Moreover, an interesting finding of our study is how the creative performance gender gap is contingent on the context. For instance, we find that the gender difference in creative performance was larger in older times as compared to recent times. In addition, our results highlight that some cultures that are more gender-egalitarian or focus on eliminating status hierarchies or those that are more altruistic are able to provide a more conducive environment for the creativity of men and women. As such, we see a smaller gender gap in those cultures. Whereas in cultures that are more assertive, we see a larger gender difference in creative performance. Altogether, while the overall gender divide in creative performance can be considered small in size, it is important that we take into account the context within which creators are embedded as we think about the creative performance of men and women.

Do you have plans for follow-up research? Where would you like to see research on creativity go in the future?

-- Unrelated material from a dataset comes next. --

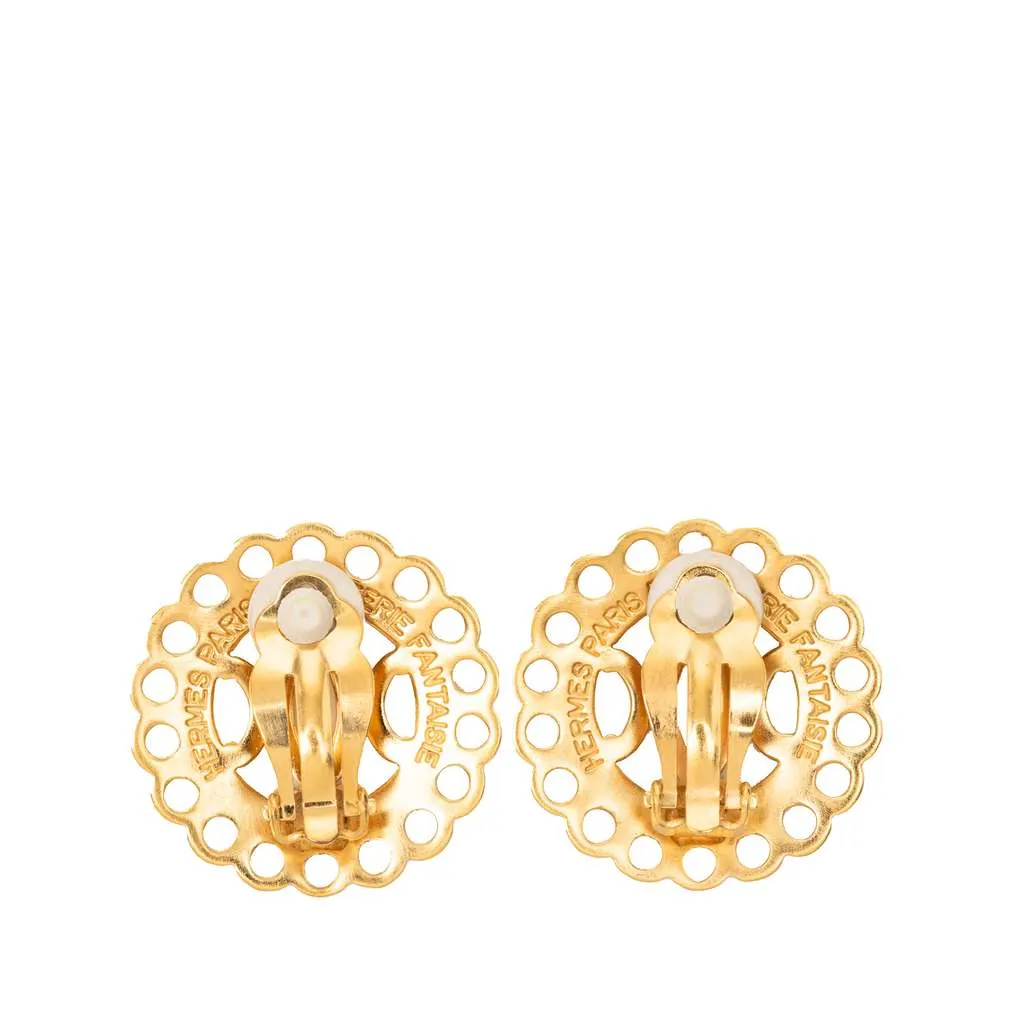 Hermès Gold Plated Bijouterie Fantaisie Clip on Earrings Gold Metal Very good - Back View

Certainly. Working on this project, we realized the issue of the gender gap in creative performance is far more nuanced than originally thought, and several questions remain unanswered. It is not just about who is more creative, but more about when either of the genders are able to generate creative output, or why a difference in creative performance even exists.

Although the gender divide in creative performance may seem small, it cannot be ignored that previous research provides evidence about the relative equality in men's and women's creative abilities. So if the capability to be creative is equivalent across genders, then why does their performance vary? In this study, we examined gender roles and their effect on how men's and women's creativity is perceived, but it is likely that there are other factors that affect the creative process of men and women.